High net-worth individual investors are currently faced with a dilemma on allocating their portfolio between stocks, bonds and alternative investments, including commercial real estate. The stock market has roared back over the past several years with double-digit returns for most investments based on several economic factors, including confidence that President Trump’s tax policies will be advantageous to investors. However, there are also portfolio managers and investors who feel the stock market may be overheated and time may be due for a correction soon, regardless of how well Trump’s tax policies help the market.
As a commercial real estate professional, I have helped many high net-worth individual investors properly allocate their investment portfolio to commercial and/or investment real estate. According to many wealth management companies and portfolio managers, approximately 25 percent of an investor’s portfolio should be allocated to some other type of alternative investment, including commercial real estate. Commercial real estate is a great investment product to produce cash flow or yield to an investor. Although there are many other benefits such as appreciation, hedge against inflation and depreciation, cash flow is the main reason investors seek to invest a portion of their wealth in commercial real estate. Many lower risk properties can still achieve an 8 percent or higher cash on cash return, regardless of leverage. According to the National Real Estate Investor Magazine’s November/December 2017 issue, the five (5) main reasons high net-worth individuals invest in commercial real estate are listed below.
First is preservation of wealth. To most investors, not putting their capital at risk is the most important consideration when looking for investment vehicles. The cash on cash return is extremely important, but the risk of the investment must be considered in order to get a return of your investment. The most popular Investor of all time, Warrant Buffet, said the number 1 rule of investing is “Don’t Lose Money”. The second rule is “Remember Rule Number 1”. This is a lesson not easily learned in the commercial real estate industry. High leverage from investors in the economic meltdown of 2008 caused many high net-worth investors to lose some or all of their equity in many projects.
Second is income or cash flow. As mentioned previously, one of the distinct advantages of commercial real estate is this investment vehicle is meant to provide cash flow. Appreciation is great, but most Investors look to commercial real estate to provide steady cash flow which comes from the property’s tenants. This is not always the case with other alternative investments and/or the stock market where returns are primarily measured by growth and appreciation.

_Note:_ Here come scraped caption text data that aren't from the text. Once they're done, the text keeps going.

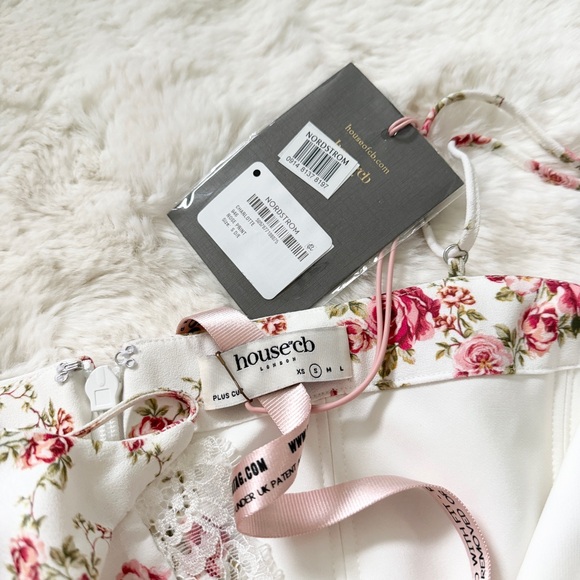 House of CB Corset Floral Lace Trim Midi Sundress S Plus Cup - Rose Print - Picture 6 of 6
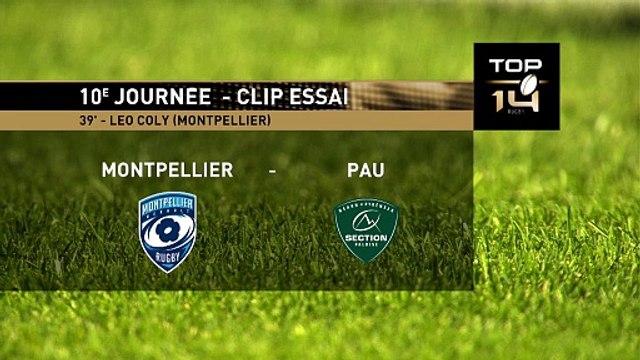 TOP 14 - Essai de Léo COLY (MHR) - Montpellier Hérault Rugby - Section Paloise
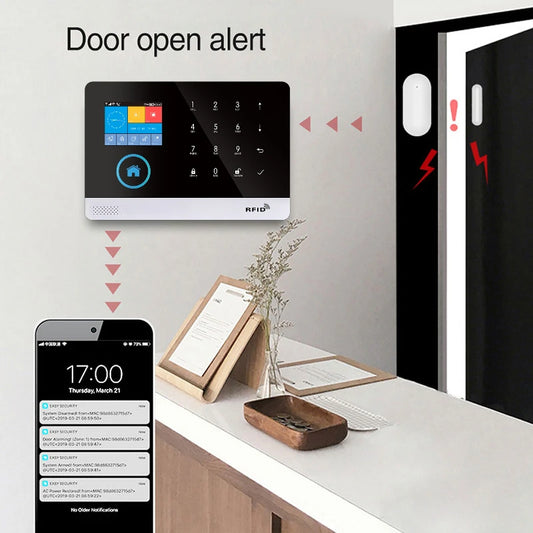 Home Security System 3 PIR 3 RFID 9 Doors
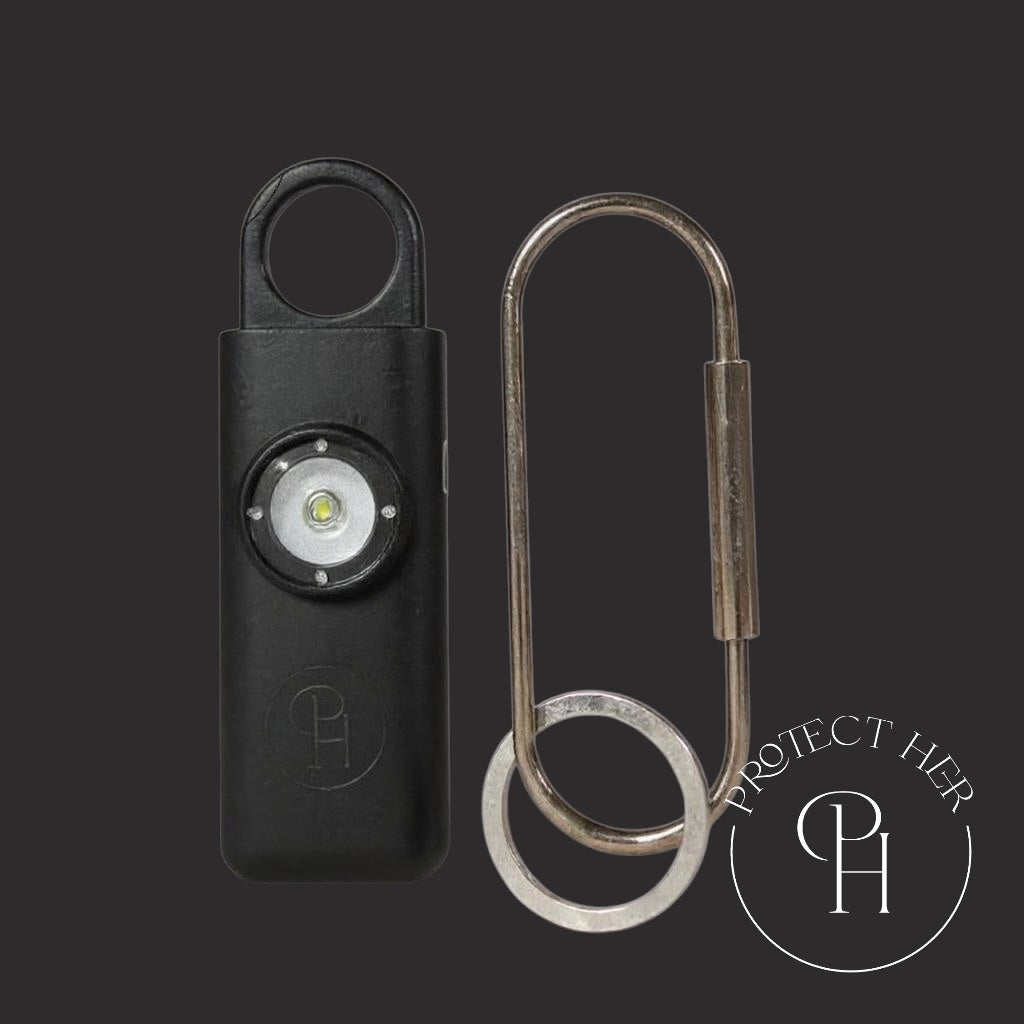 Black safety alarm light with carabiner Protect Her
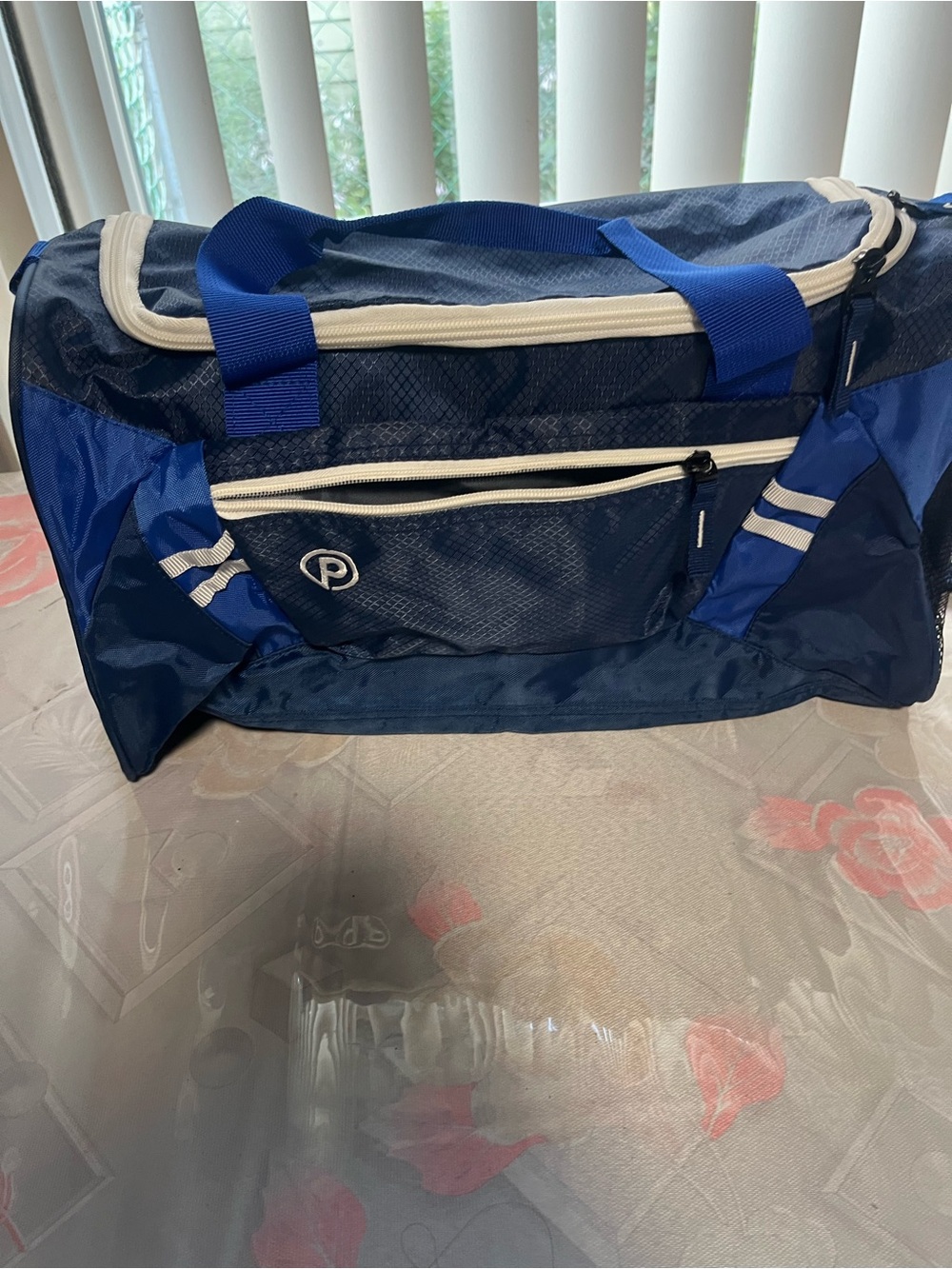 Men's Navy Blue Duffel Bag with White Trim and Dual Carry Handles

Third is asset growth and appreciation. Most markets in the U.S. have been on the rise since the great economic recession. Properties in these markets have experienced rental rate growth, which leads to an increase of net operating income (NOI) and appreciation. In addition, interest rates have been the lowest in U.S. history, which has caused cap rate compression. This has greatly affection asset growth and appreciation and many investors have capitalized on this sharp increase in valuations by selling to private equity and institutional investors. Others have held onto their investments and enjoying the high rate of returns from locking into fixed rate mortgages.
Fourth is tax purposes. If there is one thing I have learned after being in the CRE industry for over 20 years is that any person who buys real estate solely for tax purposes will probably lose. However, investment real estate does have tax advantages that other forms of investments do not enjoy, such as depreciation and interest deduction and the ability to transfer taxable gains via a 1031 tax deferred exchange. When purchasing CRE on basic fundamentals, the tax advantages offered for CRE help to boost the overall rate of return to the investor. However, commercial real estate should not be purchased for tax purposes alone.
Fifth is estate planning. Estate planning is usually something that most high net-worth investors don’t consider until they are in their late 50s or early 60s and usually at the point their kids or family members are not interested in becoming a part of the business. However, these investors have been able to build up a sizeable portfolio and enough equity to create generational wealth and the dilemma is trying to figure out whether the current portfolio is the right kind of investment to pass to the next generation. Sometimes transferring these investments into more passive and/or predictable income streams is ideal and can be done using 1031 Exchanges, which allows all taxable gain to be transferred into another CRE investment.
Overall, there will continue to be a shift to commercial real estate as a part of most net high worth portfolio. If done correctly, this can increase cash flow to the investor and spread the risk profile among several types of investment vehicles. Although the most popular property types for HNWIs are multifamily, industrial and medical office, respectively; there are countless other types of CRE investment properties that may be best to fit the HNWIs investment criteria and long range goals.